> [DIRECTIONS]:
Return the entries below verbatim. Pictures stay out.

> [EXTRACTED ENTRIES]:
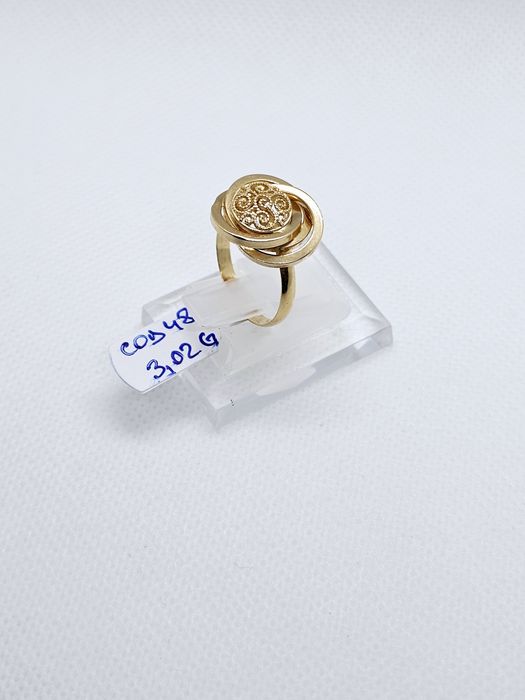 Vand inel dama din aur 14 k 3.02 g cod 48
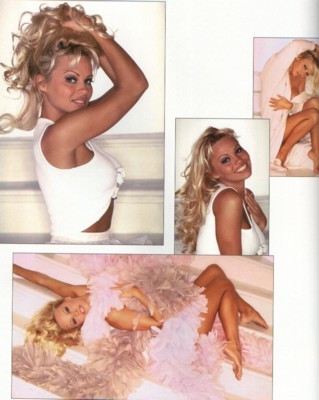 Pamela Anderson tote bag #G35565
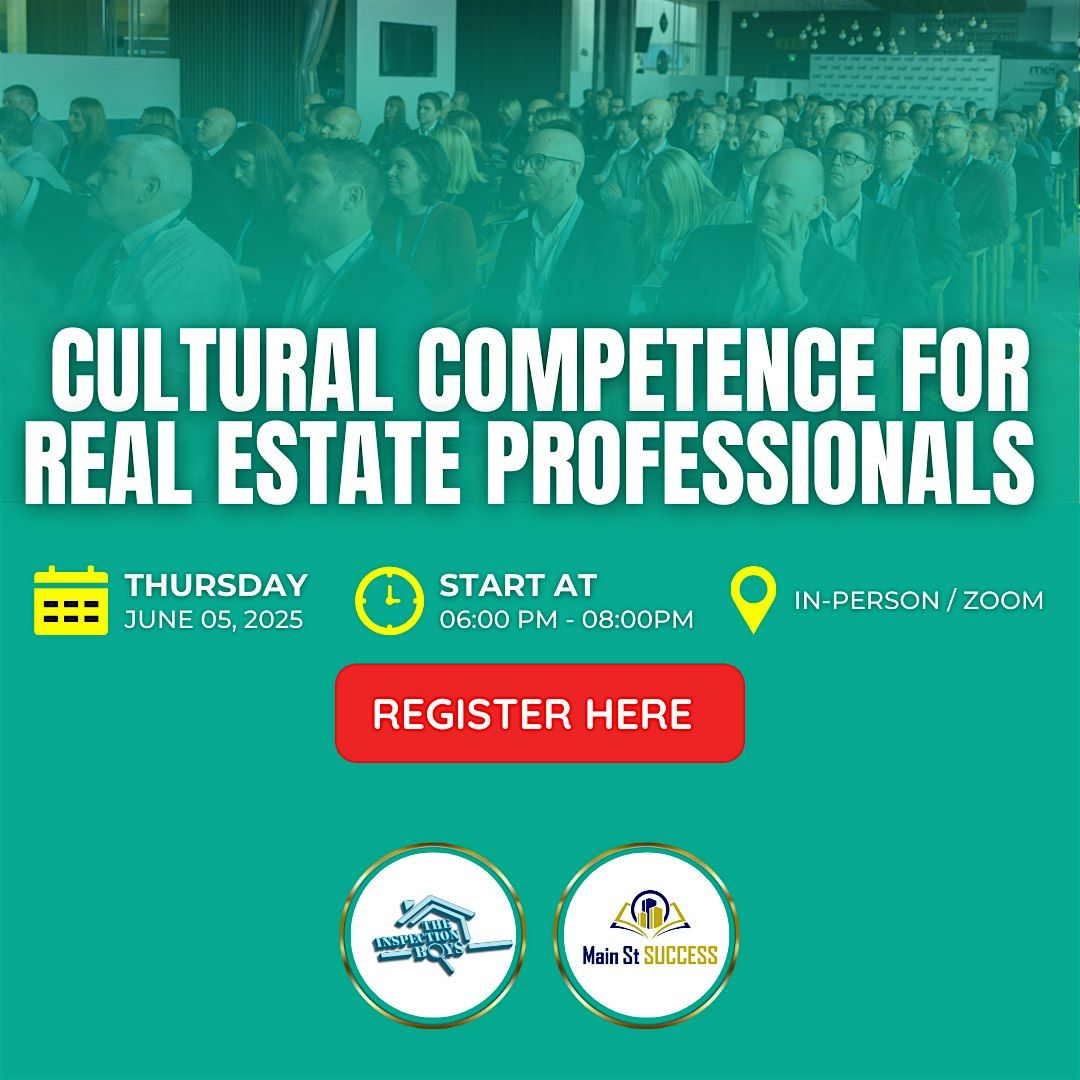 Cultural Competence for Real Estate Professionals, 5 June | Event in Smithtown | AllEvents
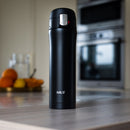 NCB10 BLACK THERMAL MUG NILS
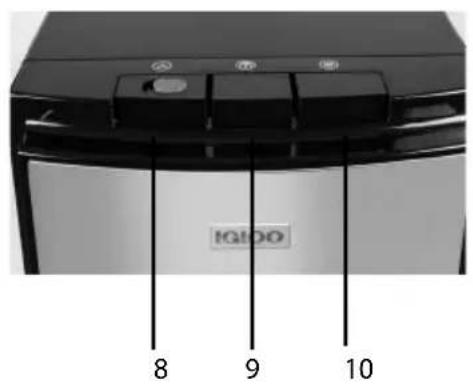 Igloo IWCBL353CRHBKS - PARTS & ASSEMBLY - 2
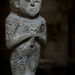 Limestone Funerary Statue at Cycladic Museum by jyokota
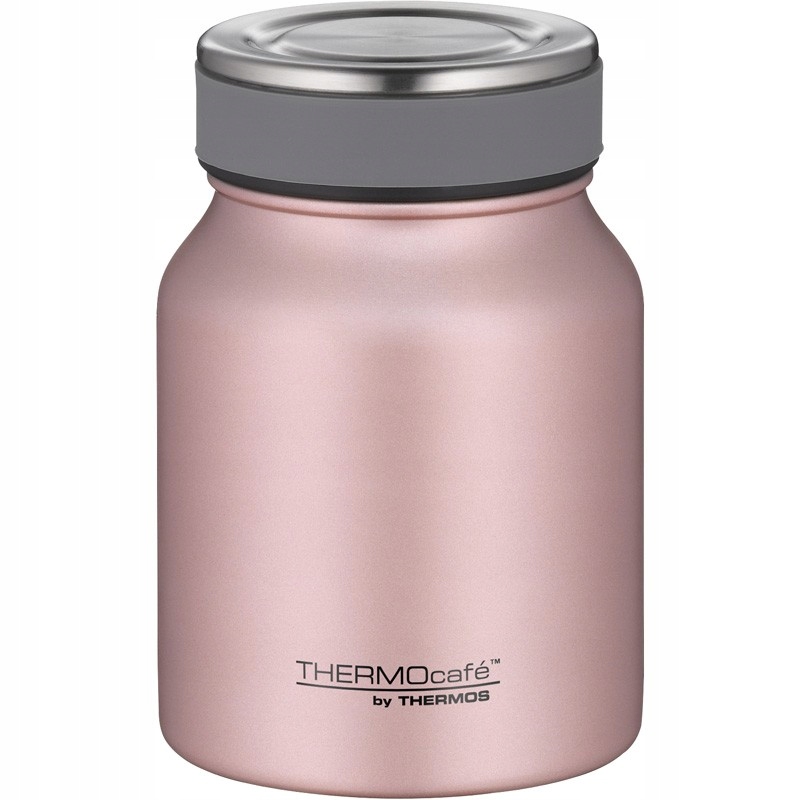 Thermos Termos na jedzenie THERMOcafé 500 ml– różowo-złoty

> [YOUR SOLUTION]:
 Vand inel dama din aur 14 k 3.02 g cod 48
 Pamela Anderson tote bag #G35565
 Cultural Competence for Real Estate Professionals, 5 June | Event in Smithtown | AllEvents
 NCB10 BLACK THERMAL MUG NILS
 Igloo IWCBL353CRHBKS - PARTS & ASSEMBLY - 2
 Limestone Funerary Statue at Cycladic Museum by jyokota
 Thermos Termos na jedzenie THERMOcafé 500 ml– różowo-złoty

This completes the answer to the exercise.